Some weeks ago I wrote about SPDX identifiers and how they can be used to annotate source code files with machine readable license information. In this post, now I want to compile the things I learned after looking more deeply into this topic and how it might be applied to KDE.
SPDX identifiers are an important step in order to allow tools an automatic reading and checking of license information. However, as most norms, the SPDX specification is quite general, for many people cumbersome to read and allows many options on how to use the identifiers; while me as a developer, I just want to have a small howto that explains how I have to state my license inormation. Another point is that in my experience any source code annotation with machine readable information is pointless unless you have a tool that automatically checks the correctness. Otherwise, there is a big burden on code reviews that would have to check tiny syntactical requirements from a specification. — If you look deeply into the used license headers in KDE (I did this), there is a shocking number of different license statements that often state exactly the same. This might be due to different formatting or typos but also due to actual faults when trying to pick the correct license for a use case, which somehow got mixed up.
While doing research on best practices for applying machine readable license information, I was pointed to the REUSE.software initiative, which was started by the Free Software Foundation Europe (FSFE) to provide a set of recommendations to make licensing easier. What they provide is (in my opinion) a really good policy for how to uniformly state SPDX based license headers in source files, how to put license texts into the repository and a way to automatically check the syntactical correctness of the license statements with a small conformance testing tool.

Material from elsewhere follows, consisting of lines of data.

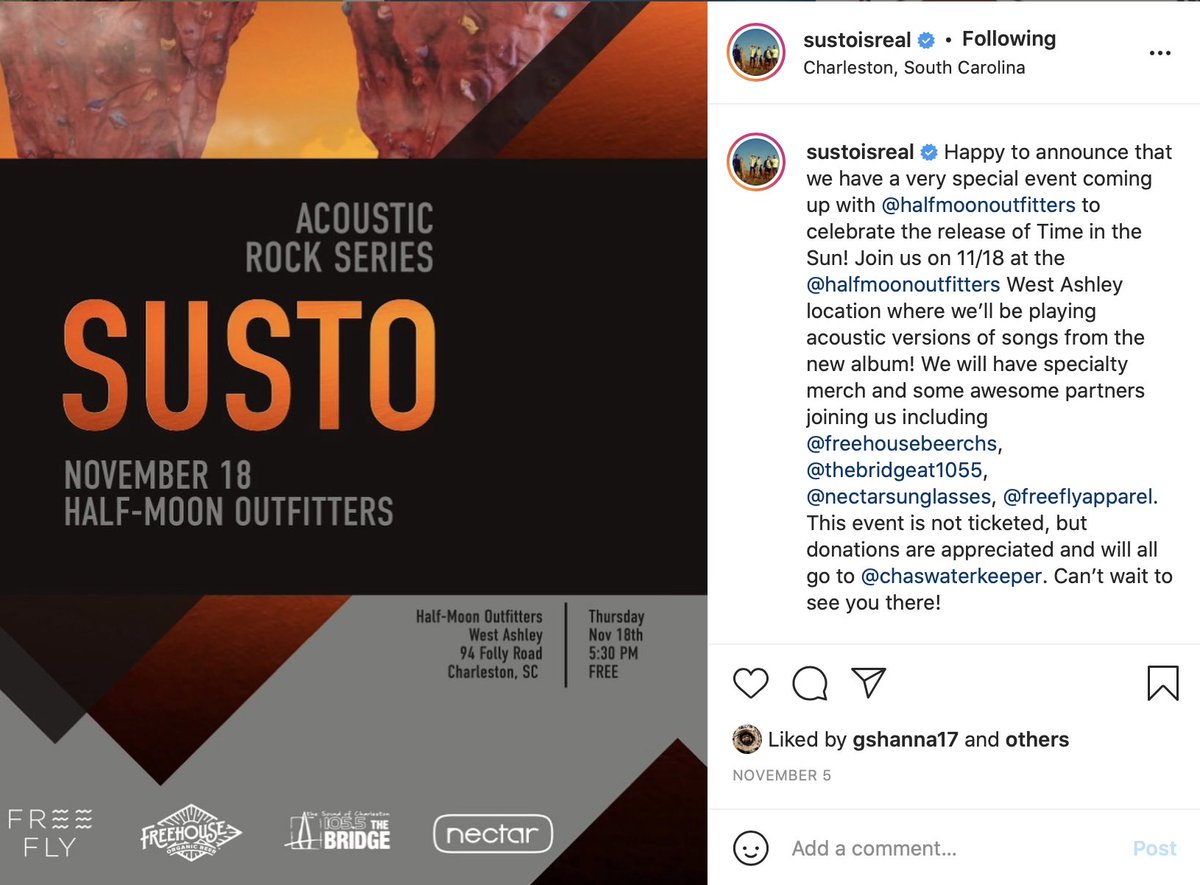 Regram, retweet, repost, cut and paste, whatever the cool kids call it, we're supper jazzed about Thursday evening with <a href="/sustoisreal/">SUSTO</a> at <a href="/hmoutfitters/">Half-Moon Outfitters</a>! You should definitely come. If you're like us It'll be the coolest thing you do this week, maybe even all year.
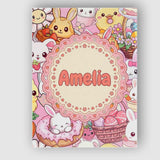 Personalised Name Cute Easter Bunny Chick Custom  Unique Gift Idea Elegant Feature Canvas Wall Art Print Decor Picture Ready to Hang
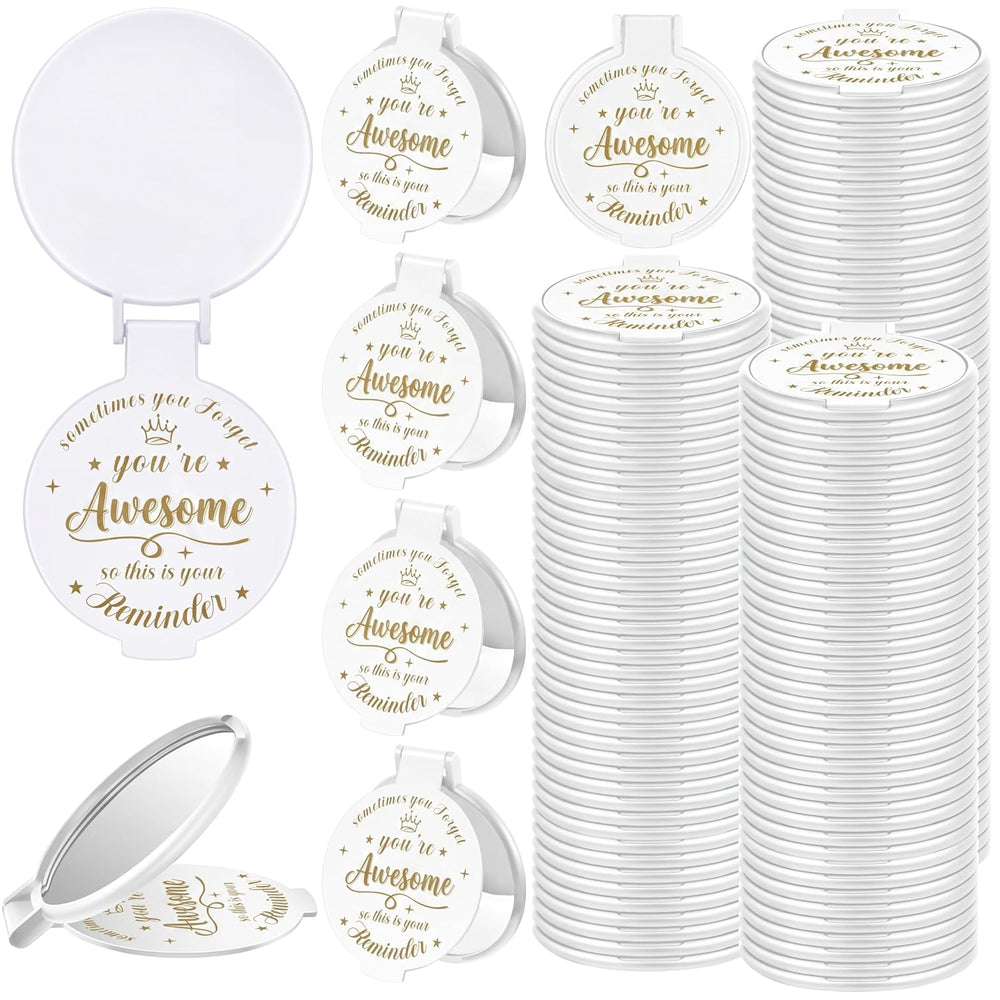 100 Pcs 2.76 Inch Inspirational Pocket Mini Compact Mirror Bulk Portable Fold...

I really like the simplicity of their approach, where I mean simplicity in the amount of documentation you have to read to understand how to do it correctly.
Meanwhile in KF5…
As already said, I want to see machine readable license information in KDE Frameworks in order to increase their quality and to make them easier to use outside of KDE. The first step to be done before introducing any system for machine readable identifiers is to understand what we have inside our repositories right now.
Disclaimer: I know that there are many license parsing tools out there in the wild and I know that several of them are even well established.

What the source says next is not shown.